The life in tickets continues.

Meet the relative – Alf Ware

February 8, 2013

Alfred Leslie Ware was born in Tonbridge, Kent in 1897. His parents were William Thomas Ware who was a stoker on the South Eastern Railway and Sarah Jane (née) Kesby. Alf was their third child, but certainly the first conceived after their marriage.

Like many a young man, Alf joined up to serve in World War I as soon as he could (or possibly sooner). We have a very battered photo of the family which includes Alf.


My cousin did a good job of tidying up this photo.


Sarah Jane and William Ware stand in the middle. Then, starting with the lad on the left and working clockwise we have Ron Ware, then Reg Ware, William Ware, Cis Ware, Alfred Ware and Beryl Ware.
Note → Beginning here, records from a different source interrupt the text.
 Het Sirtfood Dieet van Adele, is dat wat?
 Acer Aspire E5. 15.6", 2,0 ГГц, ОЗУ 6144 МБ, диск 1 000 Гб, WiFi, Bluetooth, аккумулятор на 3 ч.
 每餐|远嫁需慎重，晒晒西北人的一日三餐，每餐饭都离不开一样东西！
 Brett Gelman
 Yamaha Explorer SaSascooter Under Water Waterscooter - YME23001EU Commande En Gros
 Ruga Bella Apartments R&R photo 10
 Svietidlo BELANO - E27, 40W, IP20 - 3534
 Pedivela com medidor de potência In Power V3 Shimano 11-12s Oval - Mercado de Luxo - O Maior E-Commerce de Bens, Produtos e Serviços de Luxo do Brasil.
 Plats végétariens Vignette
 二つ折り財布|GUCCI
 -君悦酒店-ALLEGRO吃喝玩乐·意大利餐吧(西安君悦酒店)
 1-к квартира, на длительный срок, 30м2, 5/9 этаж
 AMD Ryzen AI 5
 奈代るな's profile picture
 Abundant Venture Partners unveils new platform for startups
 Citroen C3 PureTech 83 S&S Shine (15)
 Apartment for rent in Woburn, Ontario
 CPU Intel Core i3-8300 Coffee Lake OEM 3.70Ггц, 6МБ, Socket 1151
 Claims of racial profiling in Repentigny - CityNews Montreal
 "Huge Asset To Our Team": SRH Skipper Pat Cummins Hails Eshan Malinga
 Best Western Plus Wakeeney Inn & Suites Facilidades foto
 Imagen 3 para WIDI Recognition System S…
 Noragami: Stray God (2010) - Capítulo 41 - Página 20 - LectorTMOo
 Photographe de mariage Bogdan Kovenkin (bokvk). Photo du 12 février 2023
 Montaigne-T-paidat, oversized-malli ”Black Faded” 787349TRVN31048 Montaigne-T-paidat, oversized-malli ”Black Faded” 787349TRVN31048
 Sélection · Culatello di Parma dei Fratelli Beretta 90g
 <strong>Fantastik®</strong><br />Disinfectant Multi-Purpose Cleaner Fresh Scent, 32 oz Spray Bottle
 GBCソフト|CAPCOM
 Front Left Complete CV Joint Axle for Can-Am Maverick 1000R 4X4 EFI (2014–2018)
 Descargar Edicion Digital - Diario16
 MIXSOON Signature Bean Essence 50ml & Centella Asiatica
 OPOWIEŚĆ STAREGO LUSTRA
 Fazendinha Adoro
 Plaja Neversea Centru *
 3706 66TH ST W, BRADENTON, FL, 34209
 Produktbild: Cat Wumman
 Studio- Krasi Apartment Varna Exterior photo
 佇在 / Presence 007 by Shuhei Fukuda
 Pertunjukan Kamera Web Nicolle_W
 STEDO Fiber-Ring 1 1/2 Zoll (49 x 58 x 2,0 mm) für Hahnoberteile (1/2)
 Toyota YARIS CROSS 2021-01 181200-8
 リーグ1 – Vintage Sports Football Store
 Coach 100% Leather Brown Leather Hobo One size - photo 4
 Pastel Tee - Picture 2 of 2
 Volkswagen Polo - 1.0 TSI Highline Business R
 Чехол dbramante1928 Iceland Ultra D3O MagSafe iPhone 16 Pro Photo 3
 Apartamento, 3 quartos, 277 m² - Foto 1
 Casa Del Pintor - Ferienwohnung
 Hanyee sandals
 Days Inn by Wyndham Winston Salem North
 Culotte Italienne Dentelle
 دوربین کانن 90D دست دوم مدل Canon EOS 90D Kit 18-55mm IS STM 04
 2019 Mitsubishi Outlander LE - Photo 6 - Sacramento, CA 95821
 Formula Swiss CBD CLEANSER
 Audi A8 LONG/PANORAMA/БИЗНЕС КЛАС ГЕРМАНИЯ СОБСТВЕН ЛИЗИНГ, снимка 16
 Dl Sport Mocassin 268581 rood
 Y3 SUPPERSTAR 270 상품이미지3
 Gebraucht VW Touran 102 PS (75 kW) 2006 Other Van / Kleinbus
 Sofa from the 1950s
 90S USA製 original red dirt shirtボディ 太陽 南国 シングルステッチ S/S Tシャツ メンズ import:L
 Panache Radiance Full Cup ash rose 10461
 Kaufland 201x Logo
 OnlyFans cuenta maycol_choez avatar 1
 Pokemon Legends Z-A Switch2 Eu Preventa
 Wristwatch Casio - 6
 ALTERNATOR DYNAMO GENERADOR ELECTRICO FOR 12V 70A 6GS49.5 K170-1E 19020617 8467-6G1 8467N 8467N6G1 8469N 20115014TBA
Reg Ware was my grandfather. The others are my great uncles and aunts. We can see that Will and Alf are in uniform but my grandfather, Reg, is not. I’m guessing this was 1915 or 1916. Alf had signed up and was about to leave and Will, the oldest chanced to be on leave. Grandad, Reg, joined up before he was old enough.

Sadly, Alf didn’t come home.

Gunner A L Ware 77693, “D” Bty. 161st Bde. Royal Field Artillery died in action on Tuesday 26th March 1918 and is remembered with honour at the Bac-du-Sud British Cemetery, Bailleulval, Pas de Calais, France.

I haven’t traced the military life of Alf so we are working on a bit of guesswork. I can guess that he might have been involved in the battle of Bapaume or Arras for they took place at the right time and are close to Alfred’s burial place, the Bac-du-Sud cemetery at Bailleulval. The cemetery is totally for those who fell in 1918 in that area and includes 640 British casualties, plus 48 Canadians and 55 German soldiers.